[Short text fragments from websites]:
───
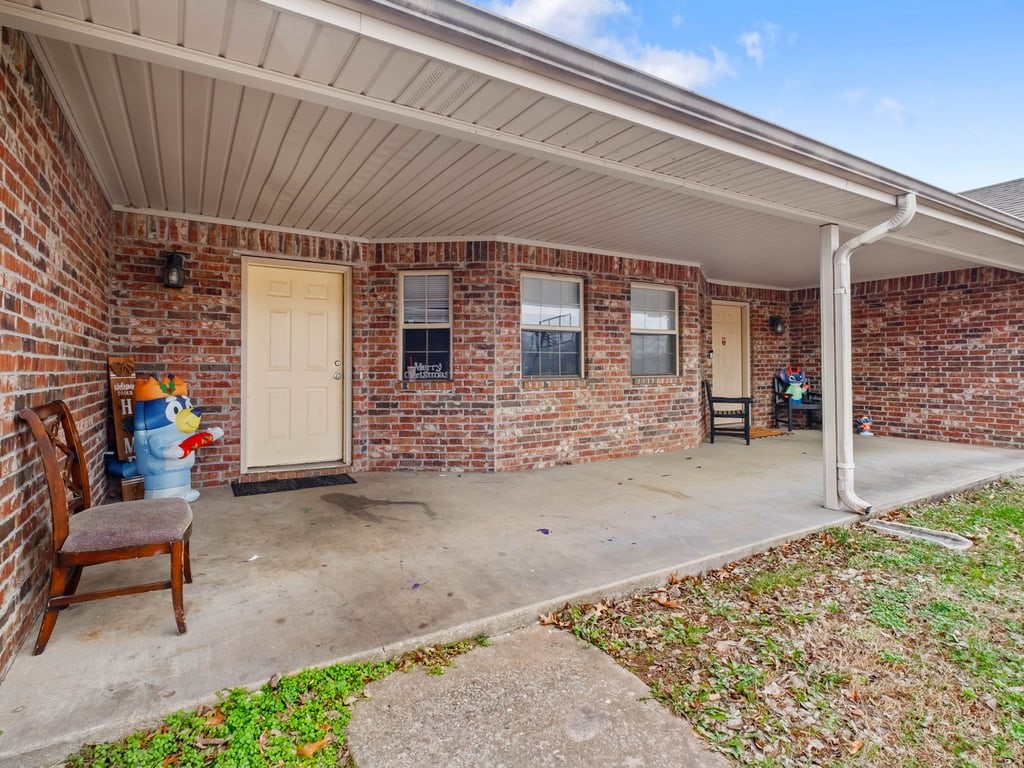 South Haven Ph Iii - Residential Income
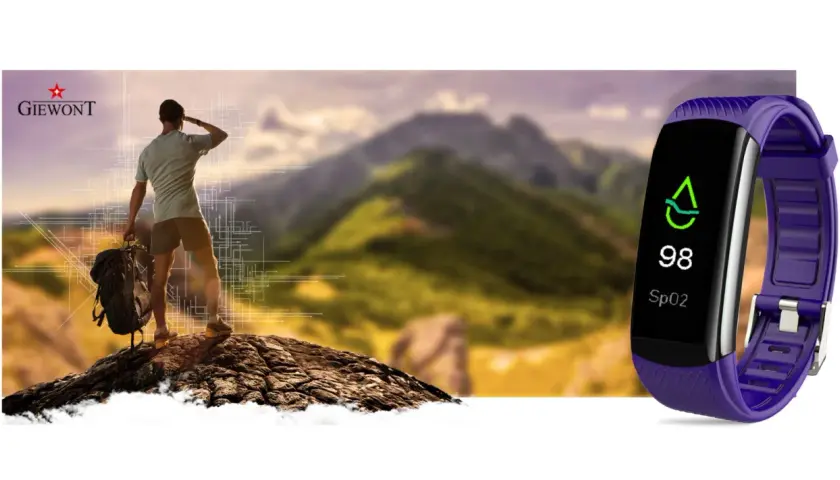 Opaska zegarek damski: Smartband, smartwatch czy pasek? Wybierz mądrze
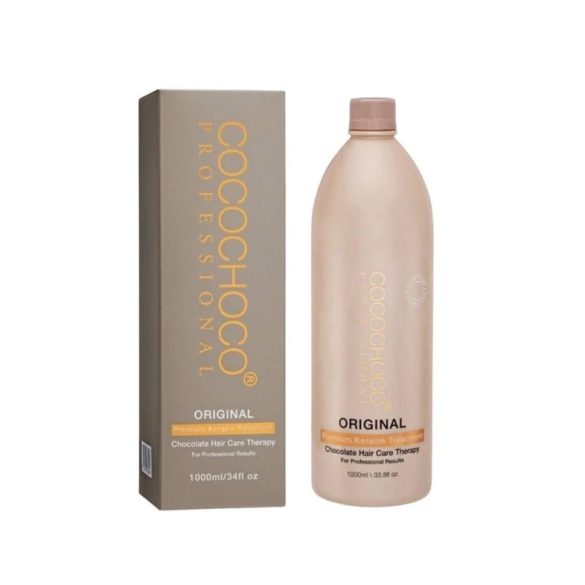 COCOCHOCO Original Keratin  50 ml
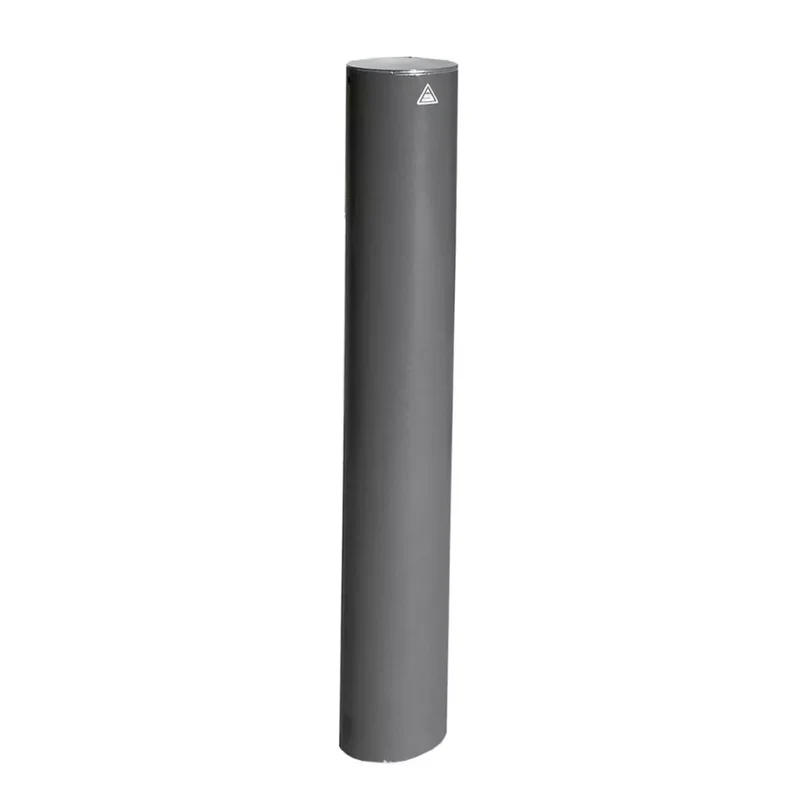 Stilpoller Stahlrohr Ø 193 mm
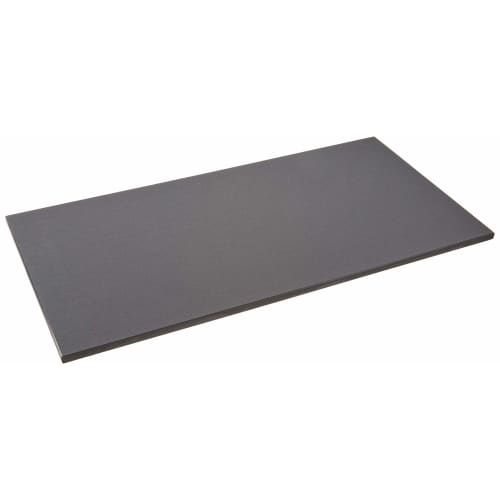 Tenryo Cutting Board, Tenryo High Contrast Cutting Board, 500 X 250 X 10 Cm, One Side Textured, One Side Sanded Finish, PC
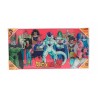 Frame  - Dragon Ball - Bad Guys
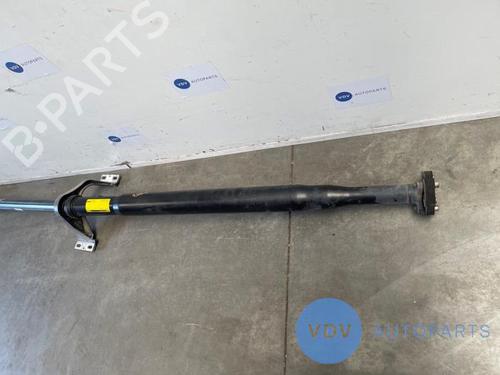 Driveshaft MERCEDES-BENZ GLA-CLASS (X156) GLA 220 CDI (156.903) | BP25964386M37 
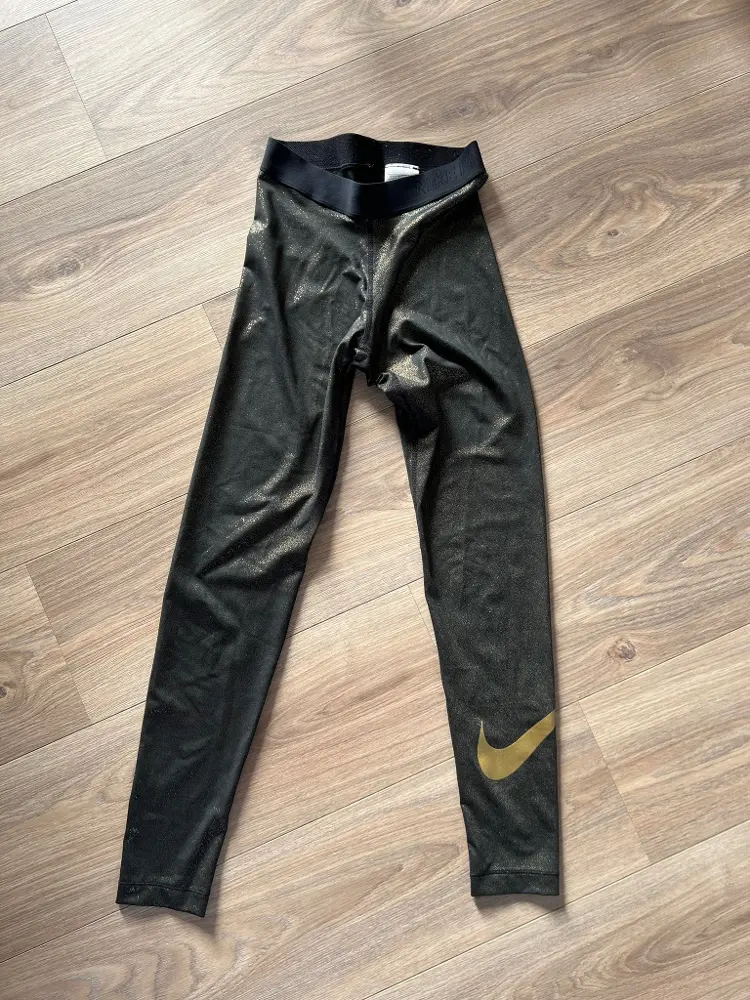 Nike bukser  tights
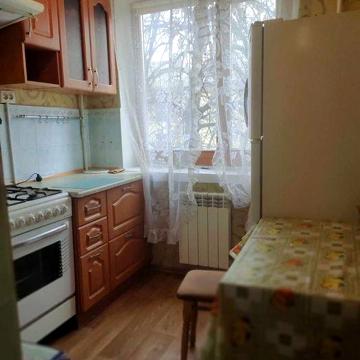 Сдам 1к Новые Дома Танкопия 8а, 3/5, мебель+техника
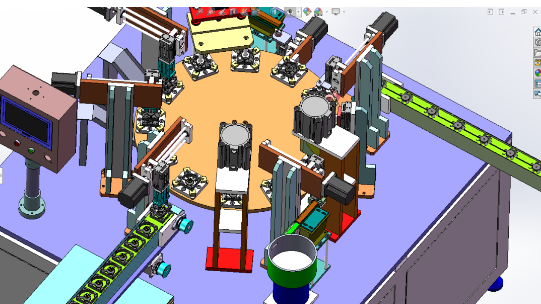 ɢ���L�ȽM�b�C3D��ģ�D�� Solidworks�OӋ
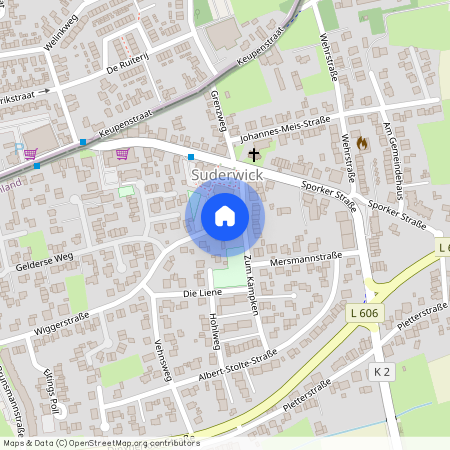 46399, Bocholt Nordrhein-Westfalen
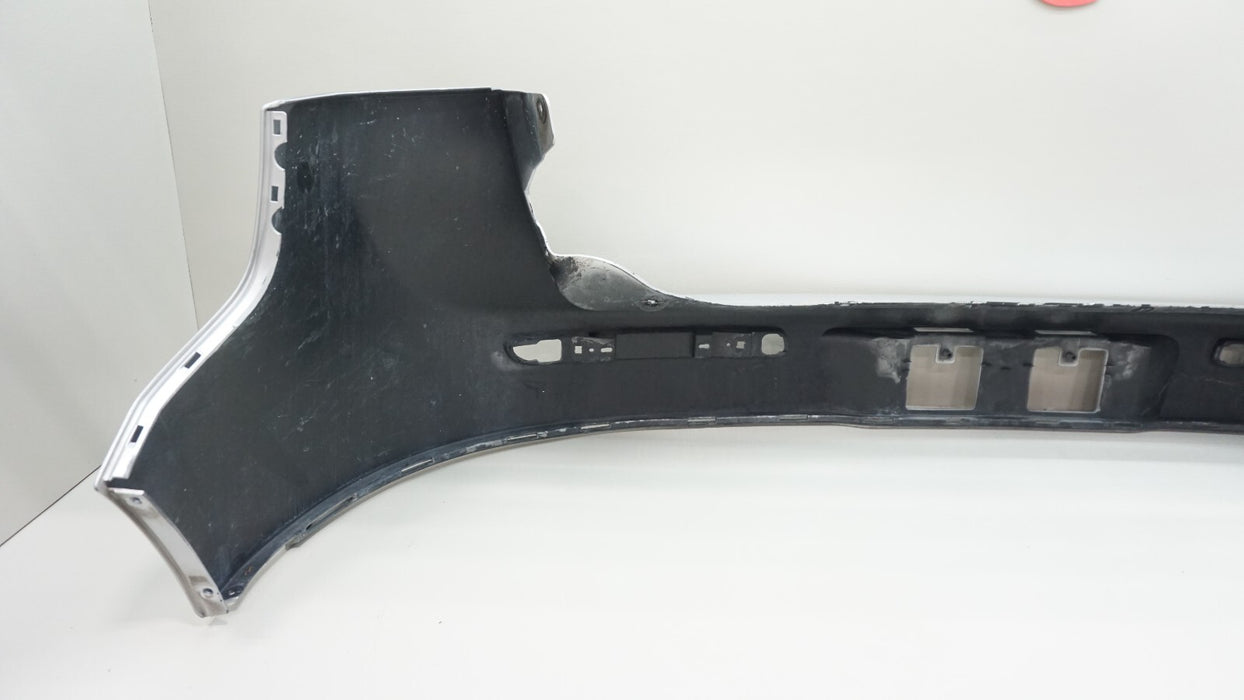 2011-2015 LINCOLN MKX REAR BUMPER COVER PANEL OEM BA13-17F001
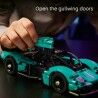 Construction set Lego 42208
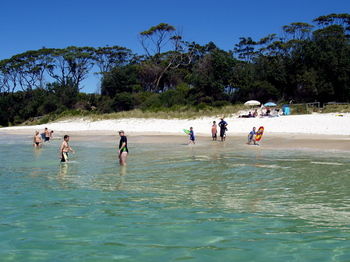 Worrowing At Jervis Bay - Accommodation 4U 97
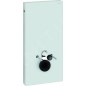 Geberit Monolith - Module sanitaire pour WC suspendu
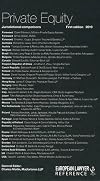 Private Equity: Jurisdictional Comparisons (European Lawyer Reference Series)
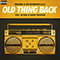Old Thing Back (Single) - Matoma (Tom Stræte Lagergren)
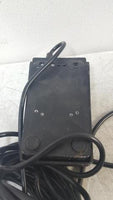 Herga Electric IP32 6NN Foot Switch Pedal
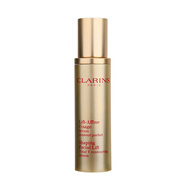 嬌韻詩(shī)（CLARINS）V臉精華塑顏緊致精華露(V臉精華) 提拉緊致小臉去水腫送女友老婆 50ml*2瓶（或100ml/瓶）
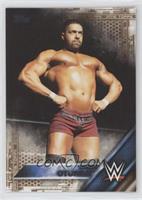 David Otunga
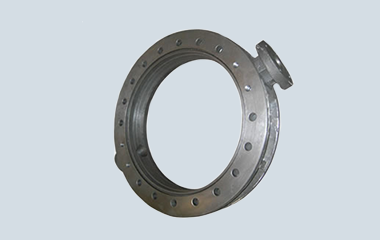 Valve clamp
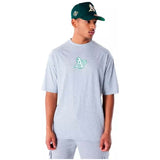 Camiseta De Manga Corta New Era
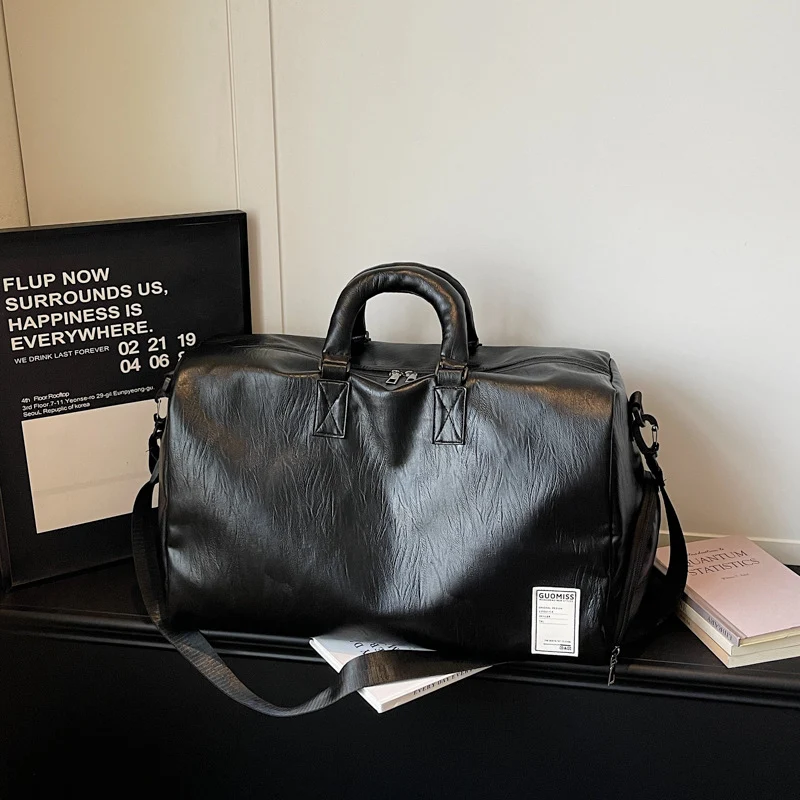 Elegante und praktische Reisetasche Skanto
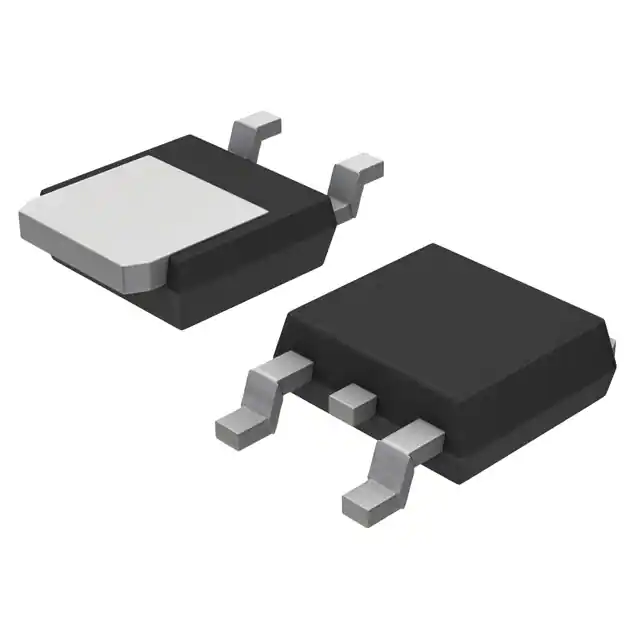 MAC4DSNT4G Littelfuse Inc.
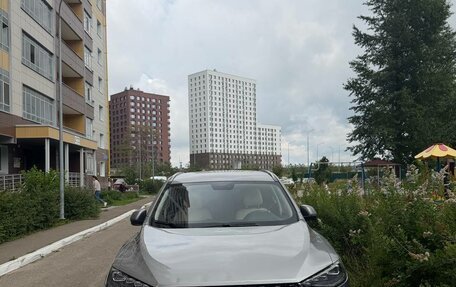 Haval F7 I, 2020 год, 1 500 000 рублей, 5 фотография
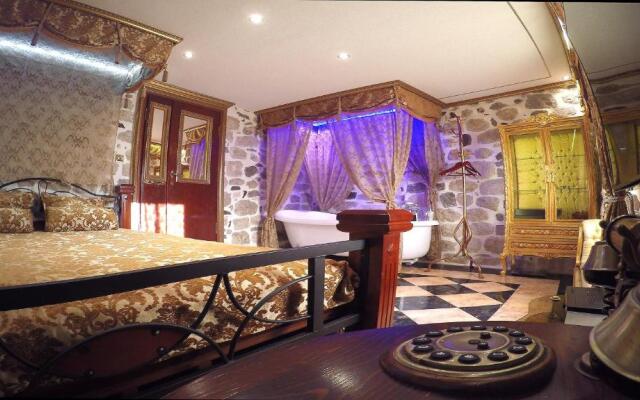 Cattaro Royale Apartment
───
[Exercise prompt]: Please write the data out again exactly, but do not carry over the pictures.

[Answer for this exercise]:
 South Haven Ph Iii - Residential Income
 Opaska zegarek damski: Smartband, smartwatch czy pasek? Wybierz mądrze
 COCOCHOCO Original Keratin  50 ml
 Stilpoller Stahlrohr Ø 193 mm
 Tenryo Cutting Board, Tenryo High Contrast Cutting Board, 500 X 250 X 10 Cm, One Side Textured, One Side Sanded Finish, PC
 Frame  - Dragon Ball - Bad Guys
 Driveshaft MERCEDES-BENZ GLA-CLASS (X156) GLA 220 CDI (156.903) | BP25964386M37 
 Nike bukser  tights
 Сдам 1к Новые Дома Танкопия 8а, 3/5, мебель+техника
 ɢ���L�ȽM�b�C3D��ģ�D�� Solidworks�OӋ
 46399, Bocholt Nordrhein-Westfalen
 2011-2015 LINCOLN MKX REAR BUMPER COVER PANEL OEM BA13-17F001
 Construction set Lego 42208
 Worrowing At Jervis Bay - Accommodation 4U 97
 Geberit Monolith - Module sanitaire pour WC suspendu
 Private Equity: Jurisdictional Comparisons (European Lawyer Reference Series)
Old Thing Back (Single) - Matoma (Tom Stræte Lagergren)
 Herga Electric IP32 6NN Foot Switch Pedal
 嬌韻詩(shī)（CLARINS）V臉精華塑顏緊致精華露(V臉精華) 提拉緊致小臉去水腫送女友老婆 50ml*2瓶（或100ml/瓶）
 David Otunga
 Valve clamp
 Camiseta De Manga Corta New Era
 Elegante und praktische Reisetasche Skanto
 MAC4DSNT4G Littelfuse Inc.
 Haval F7 I, 2020 год, 1 500 000 рублей, 5 фотография
 Cattaro Royale Apartment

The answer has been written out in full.